* [Data in this exercise]
══════════════════════════════
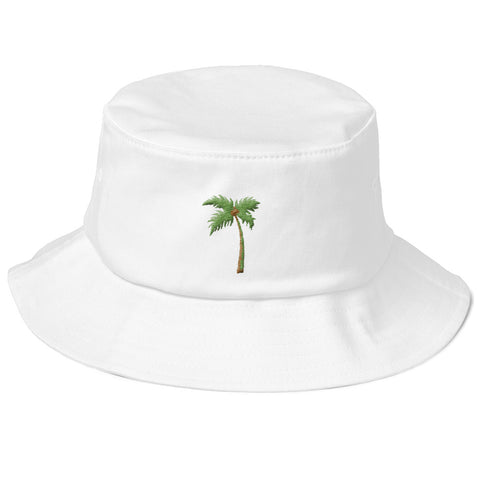 Palm Life - Old School Bucket Hat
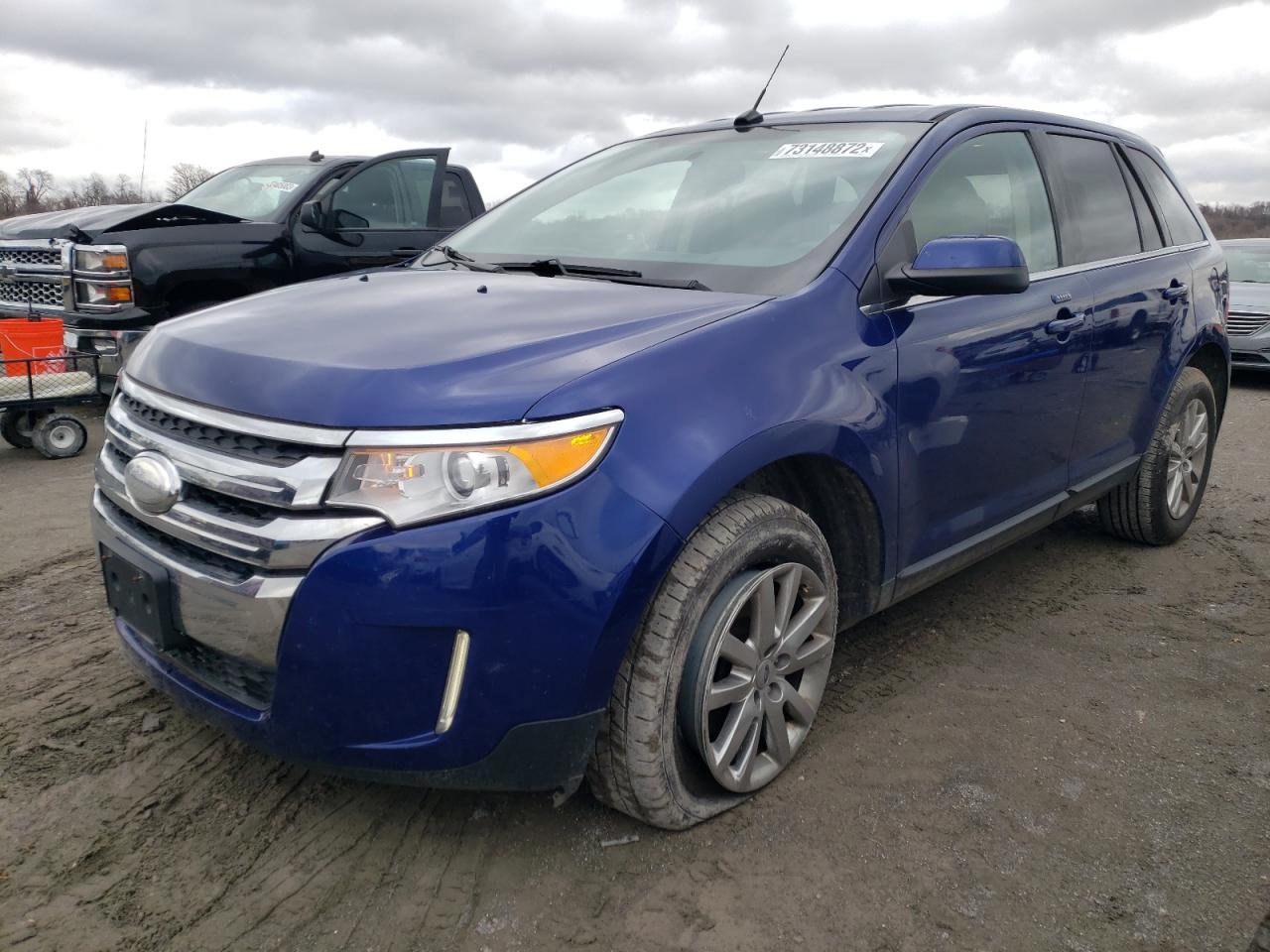 Ford Edge limit (2013)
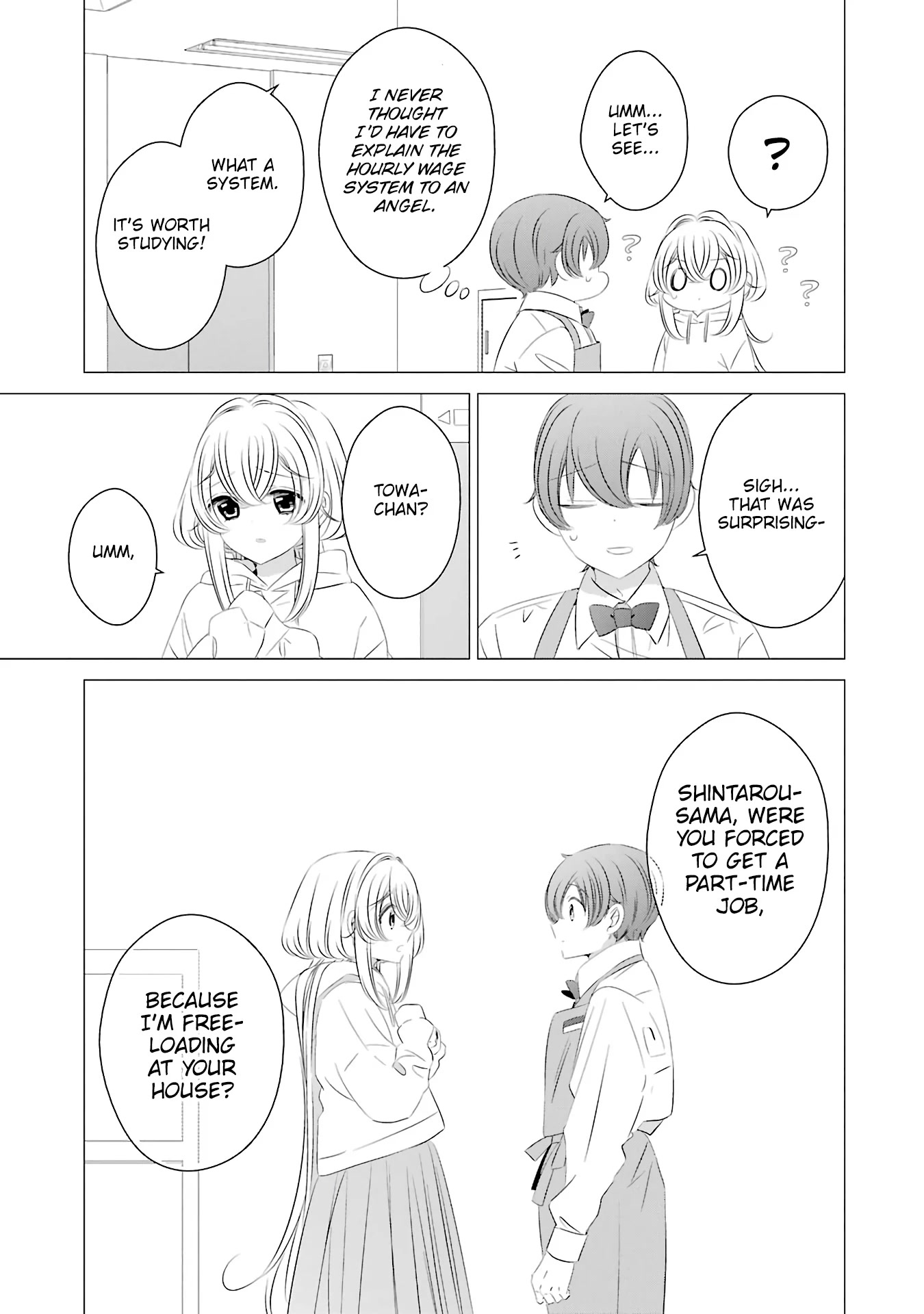 Studio Apartment, Good Lighting, Angel Included. chapter 7 page 23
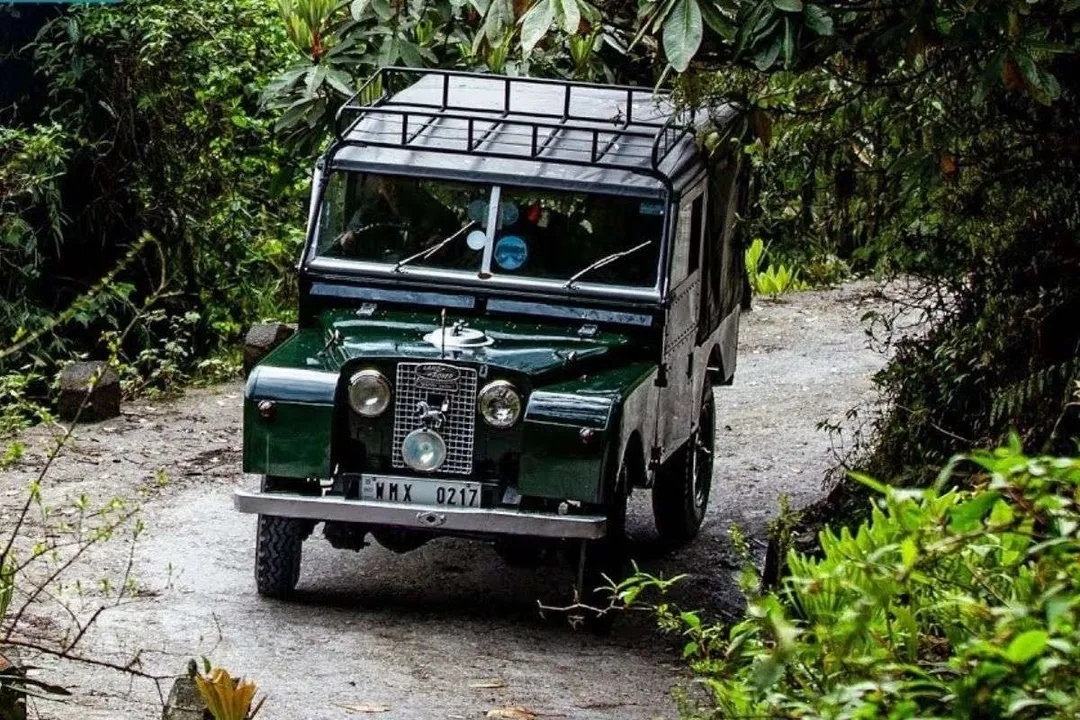  Landrover Village Photograph: (Photo: Prabhat Khabar) 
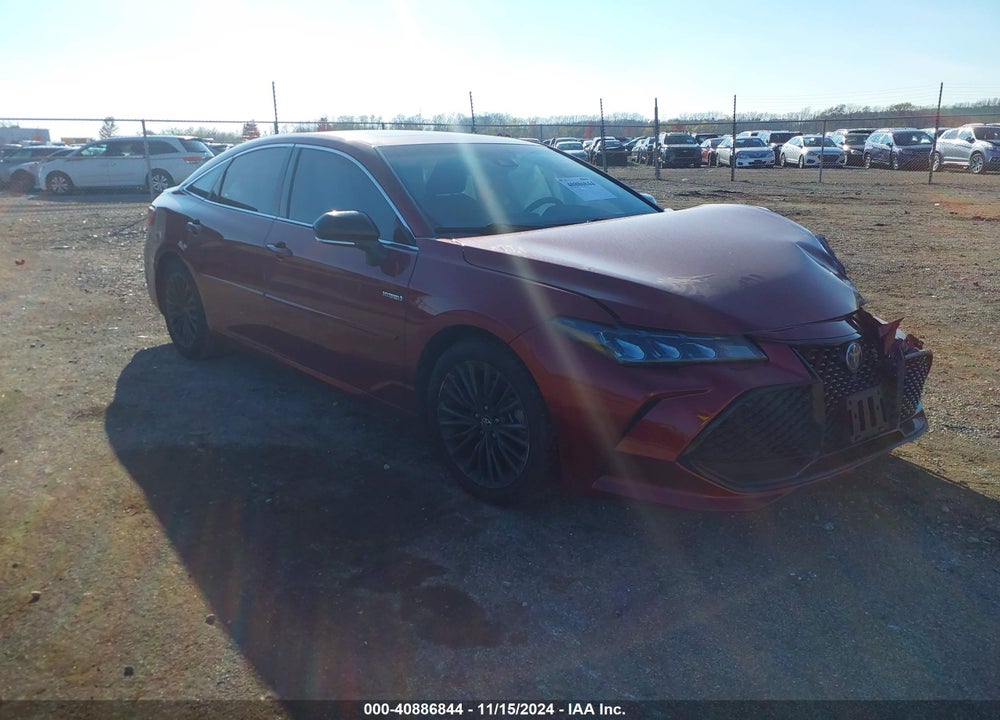 2019 TOYOTA AVALON HYBRID XSE VIN: 4T1B21FB2KU005046
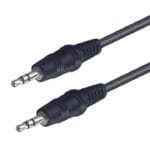 Home A 51X audió kábel, 3,5 mm sztereó dugó-3,5 mm sztereó dugó, 1,5 m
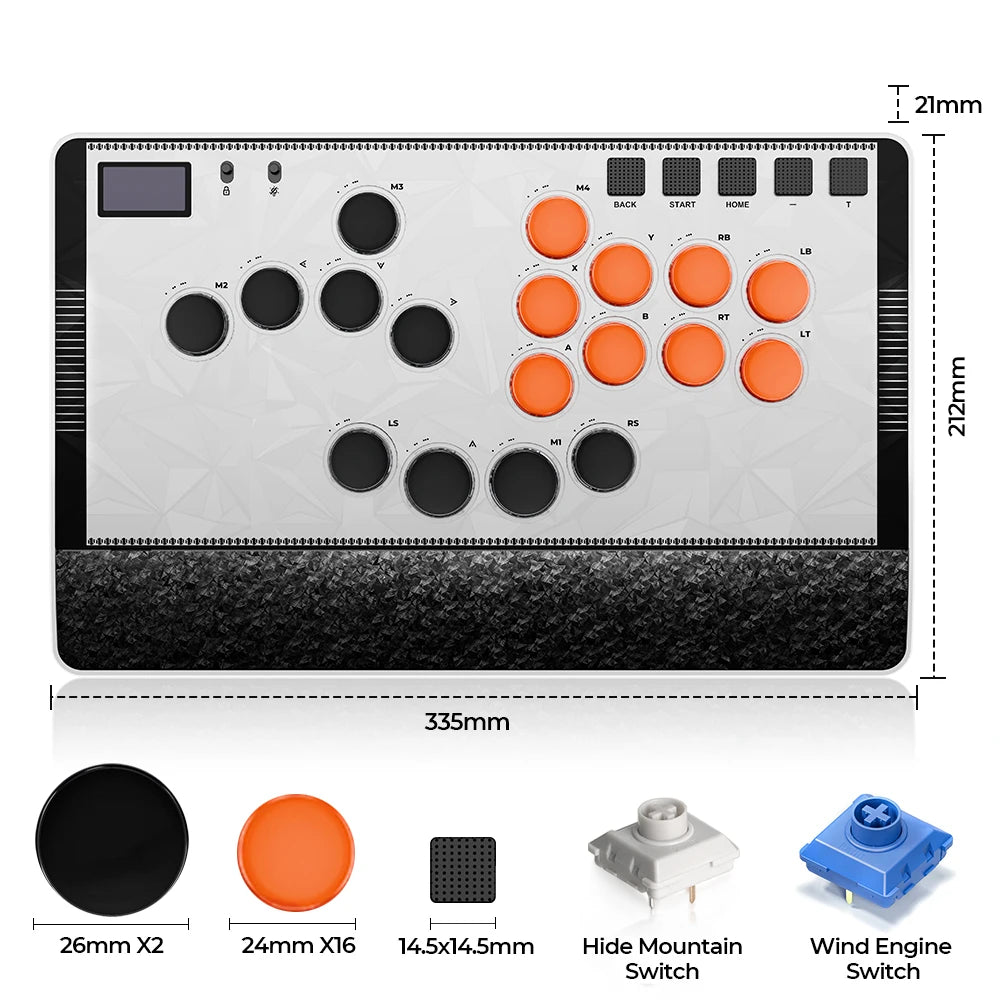 Haute42 Magnetic C-AT Leverless Controller For PC/PS5/PS4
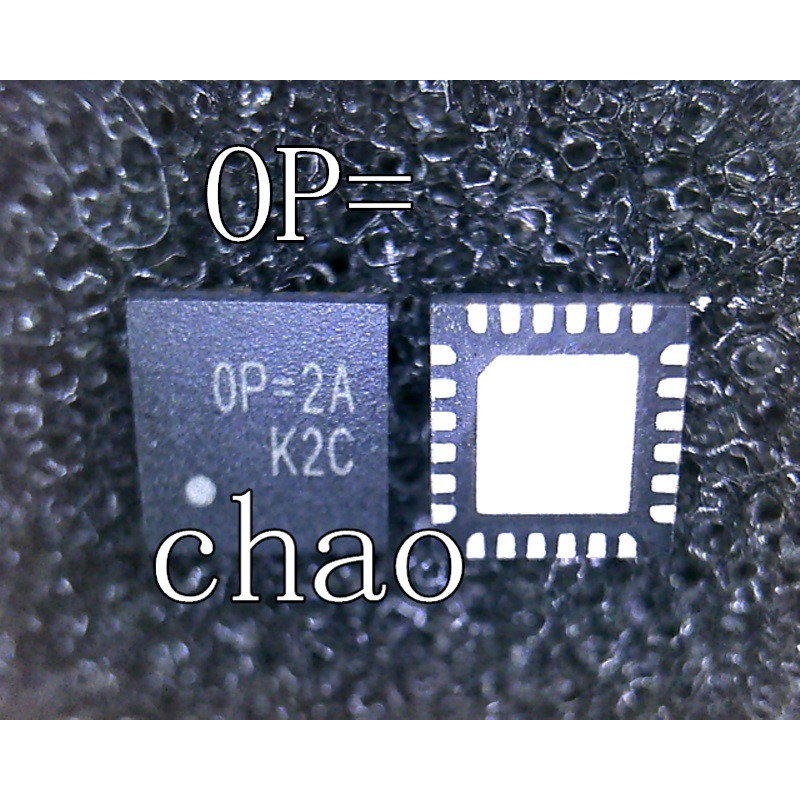 RT8813A RT8813AGQW 8813 OP=FF OP=FA OP=EG OP=CD OP= 0P= ic nguồn trên mainboard - Mới nguyên bản - Original NEW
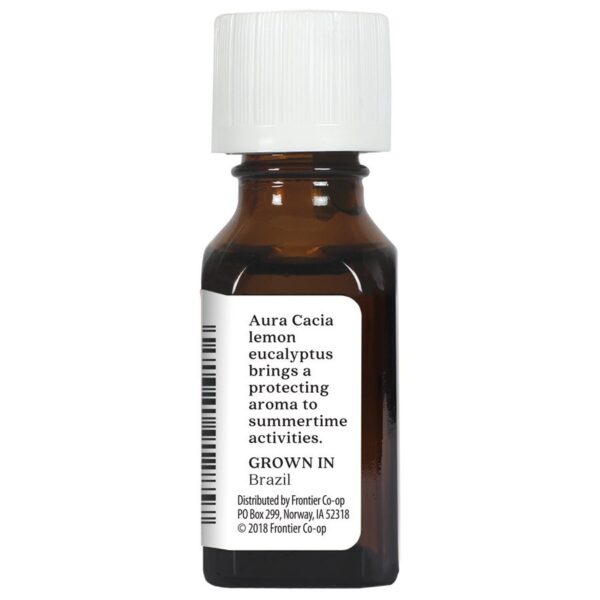 aura cacia essential oil awakening lemon eucalyptus, 0.5 oz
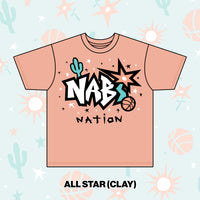 2024 ALL STAR  CLAY tee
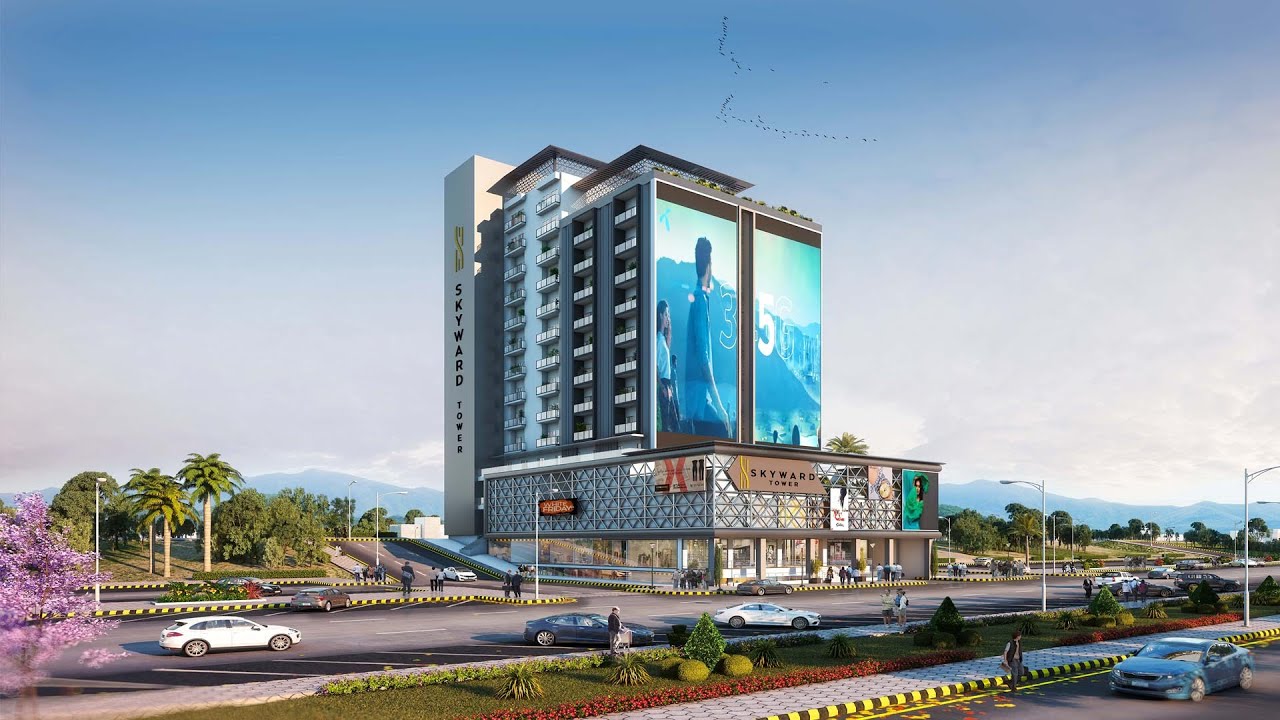 Skyward Tower | Bahria Town | Experience Grandiose Living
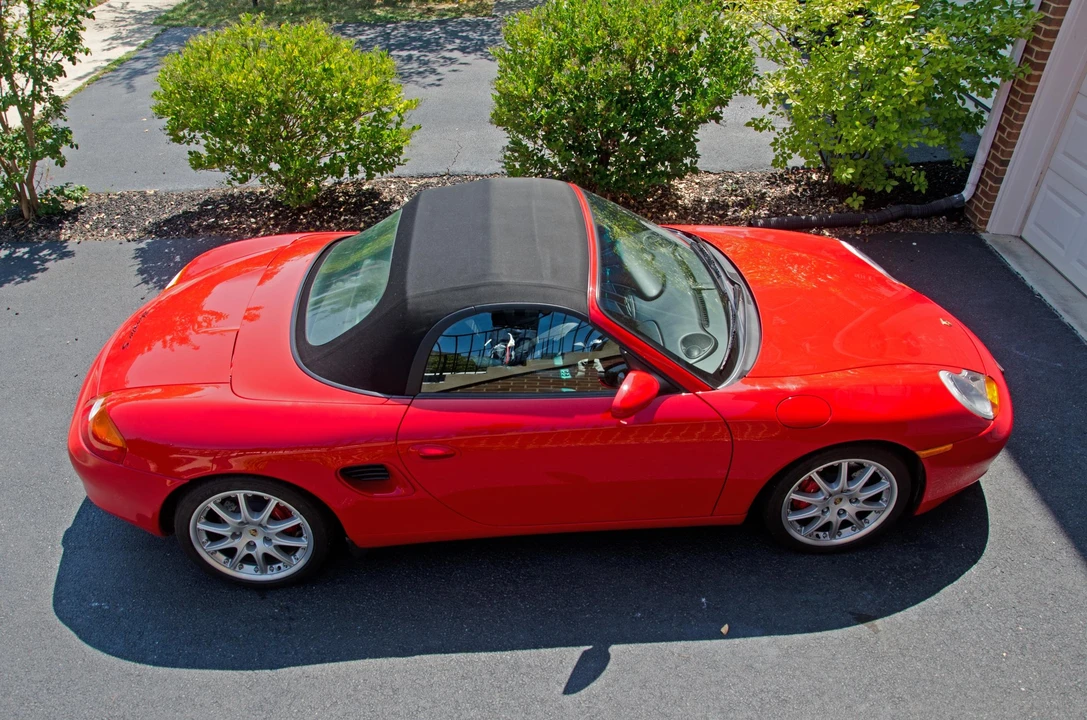 2000 Porsche 986 Boxster S - Image 22 of 31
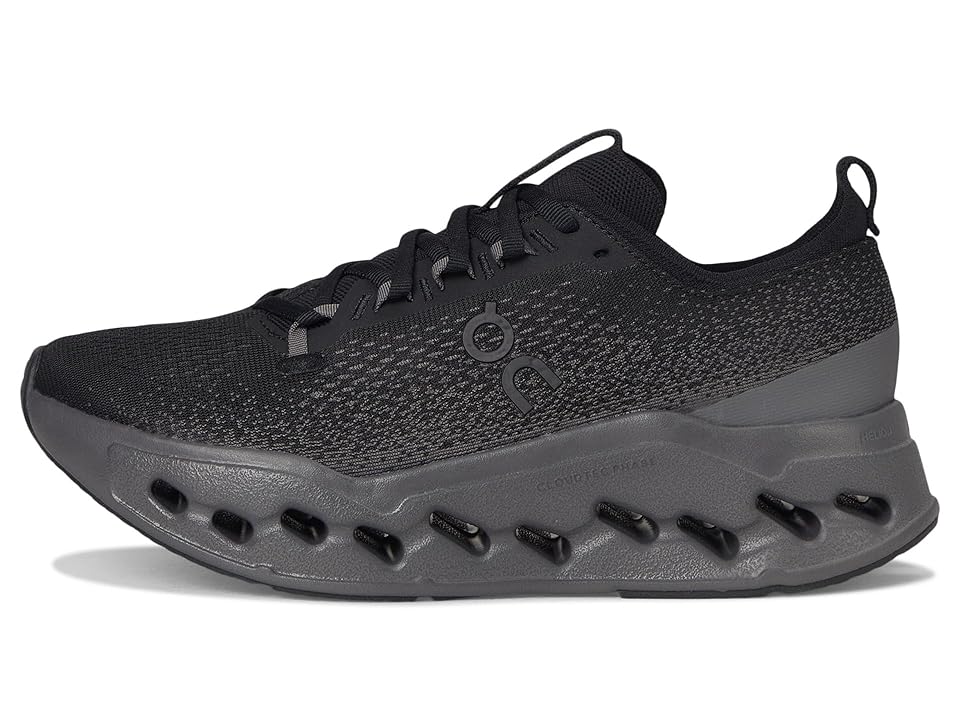 On Cloudsurfer Max In Black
══════════════════════════════
* [Task description] Your copy should hold exactly the lines from the line bearing "2000 Porsche 986 Boxster S - Image 22 of 31" through the end of the data, both included, and no pictures or anything further.

* [Result below]
 2000 Porsche 986 Boxster S - Image 22 of 31
 On Cloudsurfer Max In Black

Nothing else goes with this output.